Task – Starting at the line that holds "curved led screen, 8.928mm" and stopping at the line that holds "Gestão de processos", restate the records below word for word, with both of those lines included.

Given entries –
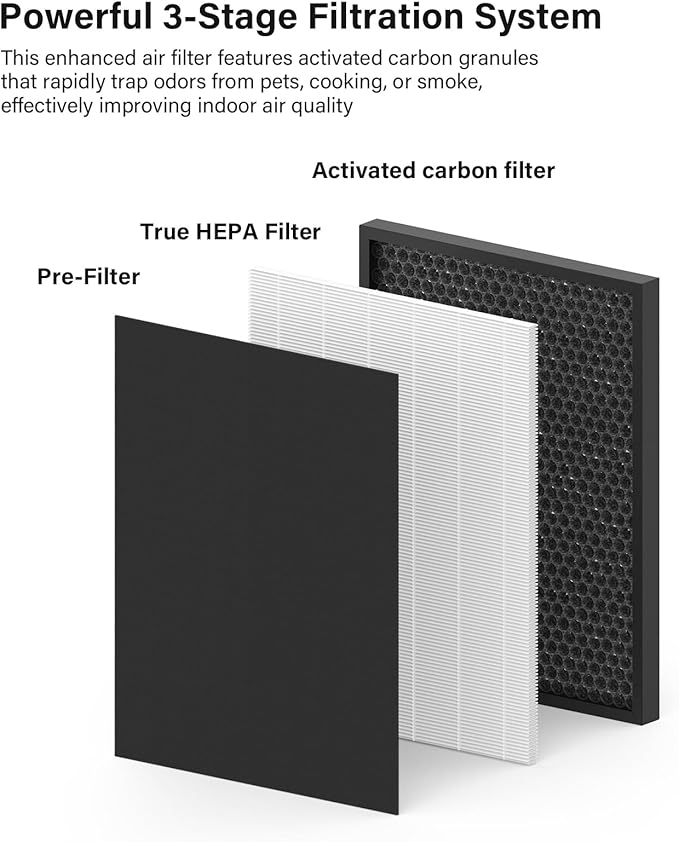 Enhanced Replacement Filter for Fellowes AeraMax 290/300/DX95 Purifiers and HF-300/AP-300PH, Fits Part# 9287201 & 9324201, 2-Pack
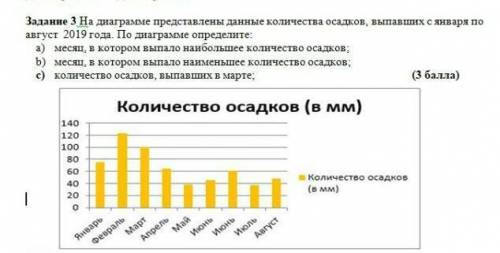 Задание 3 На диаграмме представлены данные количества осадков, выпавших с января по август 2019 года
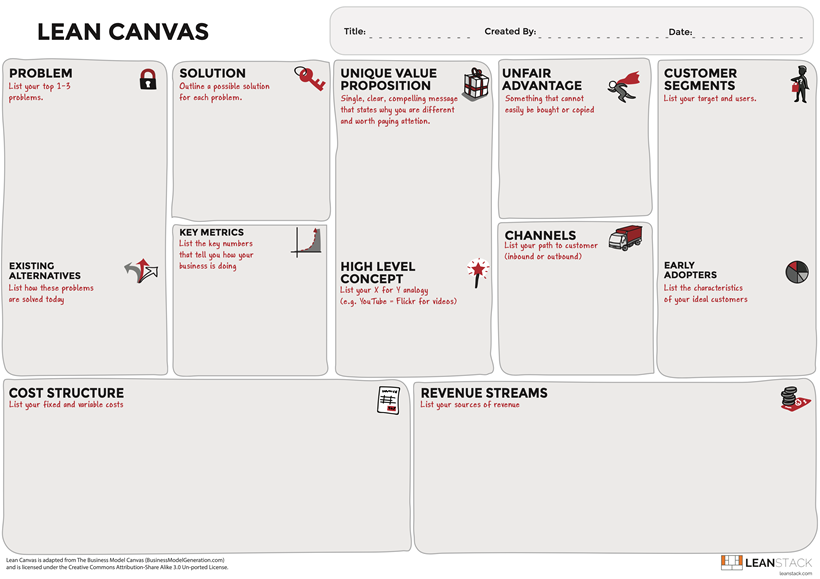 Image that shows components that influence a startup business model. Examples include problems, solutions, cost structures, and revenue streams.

--

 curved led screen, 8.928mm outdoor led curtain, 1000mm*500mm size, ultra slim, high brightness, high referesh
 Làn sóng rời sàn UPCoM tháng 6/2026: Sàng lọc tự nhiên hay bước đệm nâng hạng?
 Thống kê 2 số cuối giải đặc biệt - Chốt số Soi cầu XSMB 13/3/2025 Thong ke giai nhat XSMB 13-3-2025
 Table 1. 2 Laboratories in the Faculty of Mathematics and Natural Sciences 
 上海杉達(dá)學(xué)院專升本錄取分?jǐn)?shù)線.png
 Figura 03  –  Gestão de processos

...

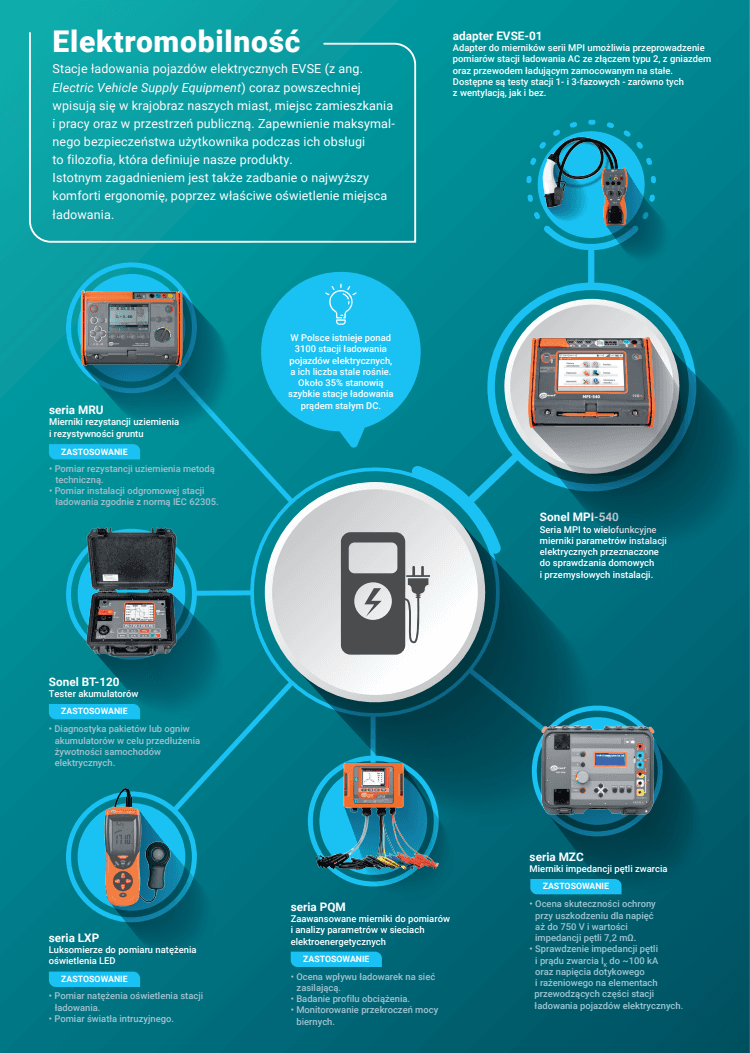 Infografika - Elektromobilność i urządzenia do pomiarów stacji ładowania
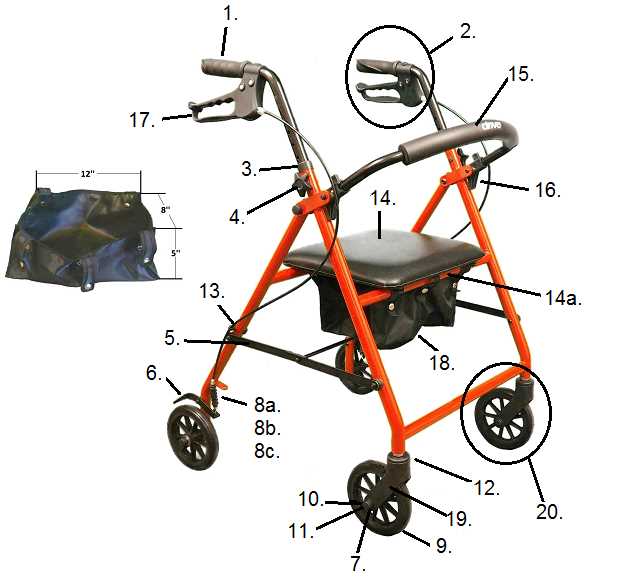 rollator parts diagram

Exercise output –
 curved led screen, 8.928mm outdoor led curtain, 1000mm*500mm size, ultra slim, high brightness, high referesh
 Làn sóng rời sàn UPCoM tháng 6/2026: Sàng lọc tự nhiên hay bước đệm nâng hạng?
 Thống kê 2 số cuối giải đặc biệt - Chốt số Soi cầu XSMB 13/3/2025 Thong ke giai nhat XSMB 13-3-2025
 Table 1. 2 Laboratories in the Faculty of Mathematics and Natural Sciences 
 上海杉達(dá)學(xué)院專升本錄取分?jǐn)?shù)線.png
 Figura 03  –  Gestão de processos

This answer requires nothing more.